Il Suo arrivo al Vaticano, Francesco, ha rinnovato le speranze su tutto quello che può l’immenso potere di Dio e della sua Chiesa. È per questo che mi rivolgo a Lei, come massimo rappresentante della Chiesa, per chiederle che agisca su coloro che hanno una conoscenza diretta dei luoghi dove sono i nostri nipoti e ci dicano a chi li hanno consegnati e dove hanno sepolto i nostri figli. Sono convinta che Lei, in questo momento storico irripetibile, può interpellare le loro coscienze perché riparino in qualche modo al danno che hanno causato. Dopo anni di tristezza e svilimento che hanno lasciato solchi profondi nella mia vita, depongo la mia speranza in Lei, Santo Padre. Ormai non mi resta molto tempo. Vorrei pregarla che prima del mio viaggio finale mi aiuti a incontrare mio nipote perché insieme possiamo portare un fiore ai suoi genitori, e per raccontargli la sua storia e la mia e unirci poi nell’abbraccio eterno che soltanto l’amore concede. Confido nel Suo cuore e nella Sua intelligenza e nel nuovo posto che Dio ha scelto per la Sua vita. So che per Dio nulla è impossibile e che dalla Sua mano si potrebbe avere quello cui aneliamo noi le Nonne della Plaza de Mayo. È questa certezza ciò che mi ha spinto a scriverle dal mio umile ruolo di madre e nonna.

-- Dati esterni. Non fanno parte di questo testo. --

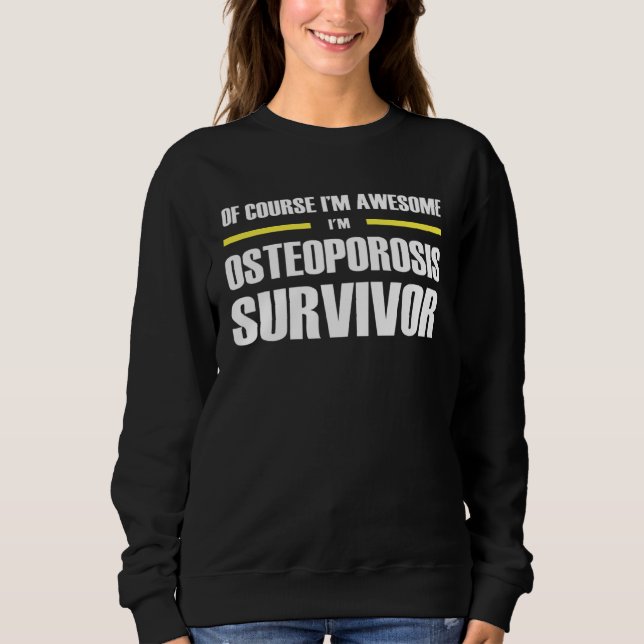 Awesome Osteoporosis Survivor T Shirt (Framsida)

Con tutto il mio rispetto e con grande speranza Le invio i miei migliori auguri per la sua trascendente missione».

Sonia Herminia Torres – Nonne di Plaza de Mayo – Filiale Cordoba

1 commento su questo articolo:

  1. Ornella Papitto scrive:

    Accorata come la disperazione. È inutile credere ancora ai miracoli: Papa Francesco non lo farà. Si preoccupa delle conseguenze psicologiche di chi è stato sottratto barbaramente e di chi ha barbaramente accolto. Gli è richiesto un coraggio, una umanità che non credo proprio che abbia. È simpatico, umanizzato, ma alle madri e alle nonne di Plaza de Mayo, non basta. Vorrei coltivare la speranza e potermi ricredere.